URGENT ACTION
FOUR AHWAZI ARAB MEN SECRETLY EXECUTED
Ali Khasraji, Hossein Silawi, Jasem Heidary and Naser Khafajian, from Iran’s Ahwazi Arab minority, were executed in secret in Sepidar prison on 28 February 2021. The Iranian authorities are concealing the full truth about their fate as well as the location of their graves and are refusing to return their bodies to their families, thereby committing the ongoing crime of enforced disappearance.

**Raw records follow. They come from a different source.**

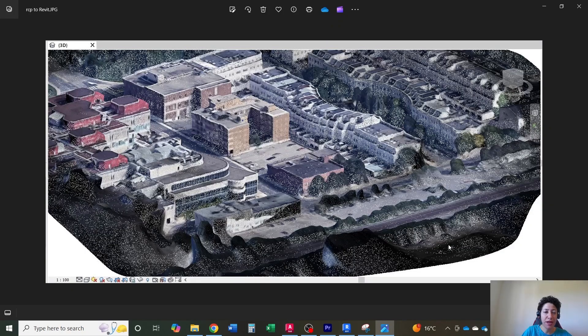Hello everyone, this is Hoda Ganji. In this video, I'm going to import an RCP file, which is a point cloud file from Google Maps into Revit.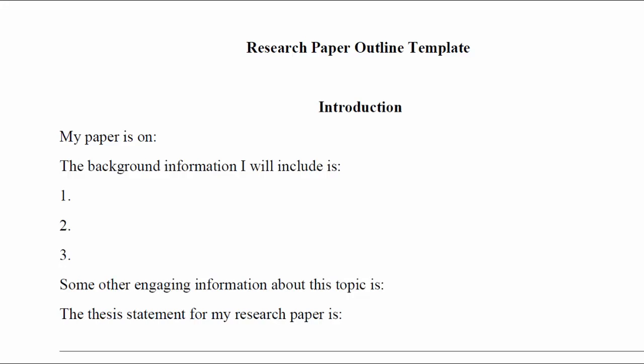Hi everybody, and welcome to this video on Creating an Outline, the second in the series of tools to help you with your writing assignments.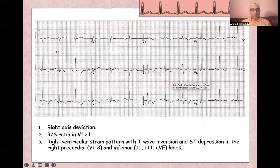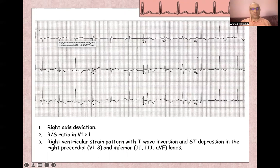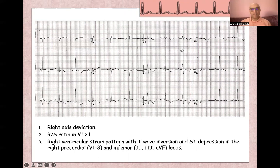Again, right axis deviation and dominant P wave. Here you will find a prominent R wave — although it's a small complex, the R:S ratio is more than one — and this is an example of right ventricular strain pattern.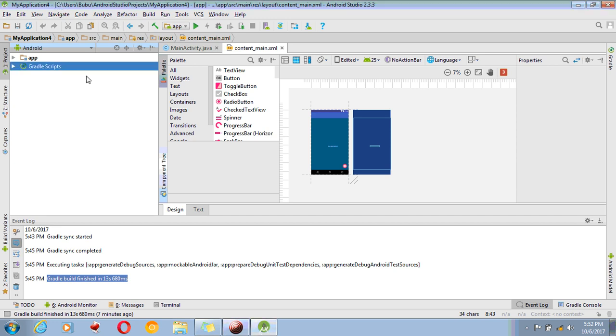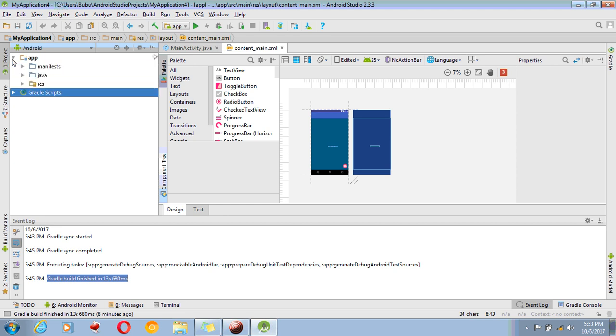This part is known as the Project Explorer. Here, every component is inside a folder. Here you can find Manifest and Java resources.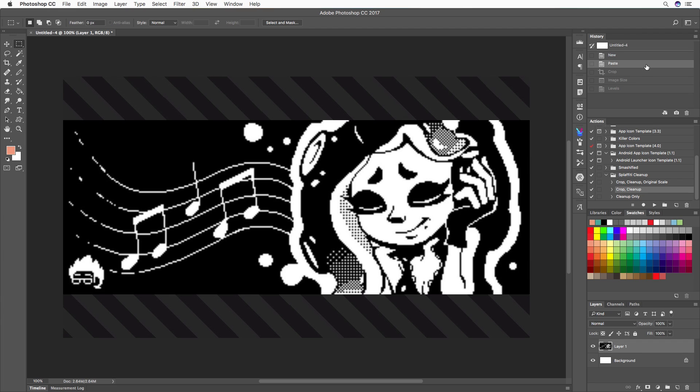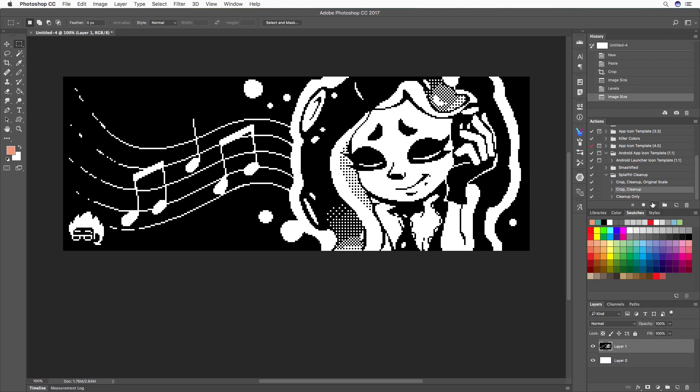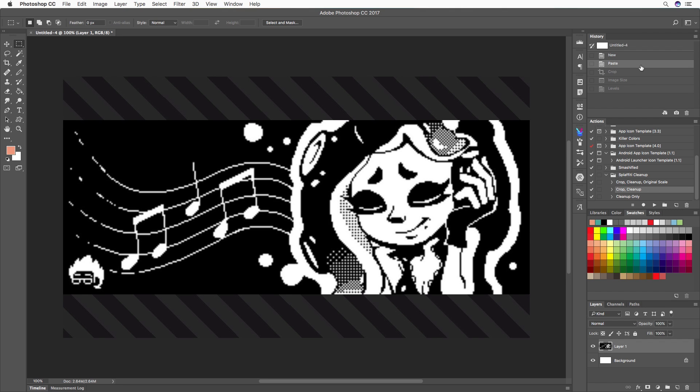However, if you want to crop that out, I also made a version that will do the cropping for you, which is the second option: crop and cleanup. And last but not least, if you want to crop the image, clean it up, and downscale it to its apparent resolution, which is 320 by 120 pixels, there's a third version called crop, cleanup, and original scale.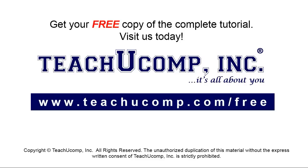Get your free copy of the complete tutorial at www.teachyoucomp.com forward slash free.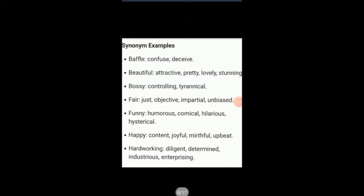Here are some examples of synonyms for a clear understanding. The word 'baffle' has synonyms like confused and deceived — they have the same meaning. Similarly, beautiful, attractive, pretty, lovely, and stunning are all synonyms with the same meaning.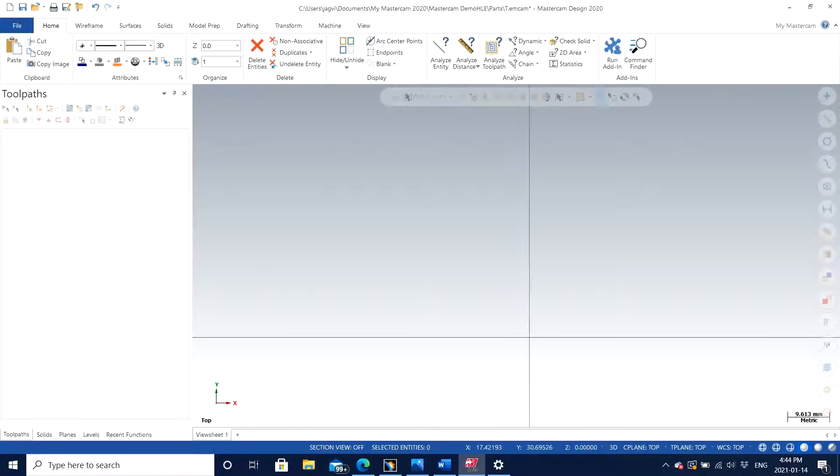Hello guys, Jagveer Singh back with another video, but this time it's a brand new software called Mastercam 2020. This software is kind of different from other CAD softwares which I generally use to design parts.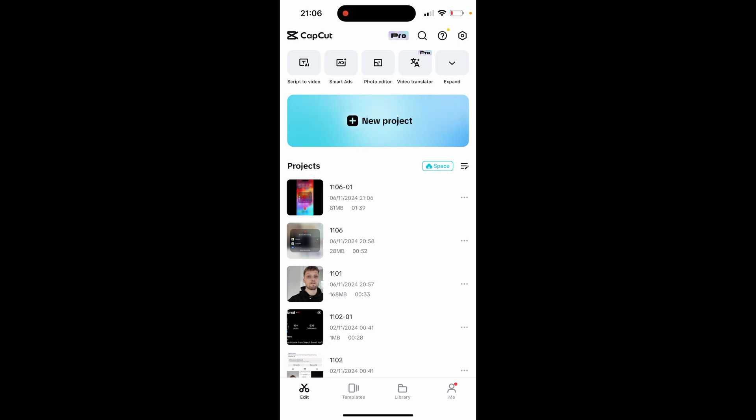In this video I'm going to show you how you can upload a video from CapCut over to YouTube. This will be a step-by-step tutorial and I'll explain everything that you need to do.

Ahwazi Arab prisoners of conscience Mohammad Ali Amouri, Jaber Alboshokeh and Mokhtar Alboshokeh continue to be denied adequate health care.
TAKE ACTION: WRITE AN APPEAL IN YOUR OWN WORDS OR USE THIS MODEL LETTER
Head of judiciary, Ebrahim Raisi
c/o Embassy of Iran to the European Union
Avenue Franklin Roosevelt No. 15,
1050 Bruxelles
Belgium
Dear Mr Raisi,
On 28 February 2021, Ali Khasraji, Hossein Silawi, Jasem Heidary and Naser Khafajian, from Iran’s Ahwazi Arab minority, were executed in secret without prior notice to them or their families. The Iranian authorities have not provided death certificates or returned their bodies to their families. Men in plainclothes, who did not identify themselves but believed to be agents from the ministry of intelligence, told the families that the men would be buried in “la’nat abad” (“damned land”) without specifying a location. By concealing the full truth about the men’s executions, hiding their bodies and failing to return them to their families, the authorities are committing the ongoing crime of enforced disappearance.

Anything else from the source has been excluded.